I am suspecting this is one of those words that can only be used in one form…
If one can be smitten, can one smit? Or smite?
But smite, of course means something completely different.
Are the words related? Please help me figure this out, as it is causing me great distress.
“to be smitten” in the sense of falling in love is probably a shortened form of a phrase like “to be smitten down by love” or something. It’s just that they leave off the “by love” part. It does, in fact, come from the word “smite.”
So one could say, “I am going to smite you with the fear of hell!” or the such?
And, similarly (but more uncommonly), “I shall smite you with my love!” If, of course, one was intent on using “to smite” and “love” or the like in the same sentence…
Nope. It means the same thing, it is just that you are using it in a figure of speech so old that people are beginning to forget what the metaphor is: love so sudden and so overwhelming that it is like a knock-down blow.
From the O.E.D.
smitten (_________), ppl. a.
[See smite v. A. 3 _.]
That has been smit; beaten, struck. Also absol. with down.
Take a look at the variouse forms in the dictionary to find all the usages.
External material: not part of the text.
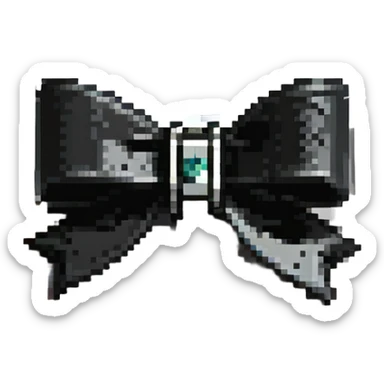 minimalist goth bow, matte black, sharp edges, small silver charm, modern dark aesthetic sticker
The O.E.D. gives may examples of usage as well as definitions.
‘Smitten’ has an advantage over "Lovestruck’ in that it rhymes with ‘kitten’, while "lovestruck’ merely suggests ‘dump truck.’ This makes it a much more useful choice for writing cloying verse.
Using both in combination can sometimes go terribly wrong, as in my early effort Litter Under The Wheels, the only redeeming thing about which might be said being that it was written in headless tetrameter, which I still fancy was a bit clever.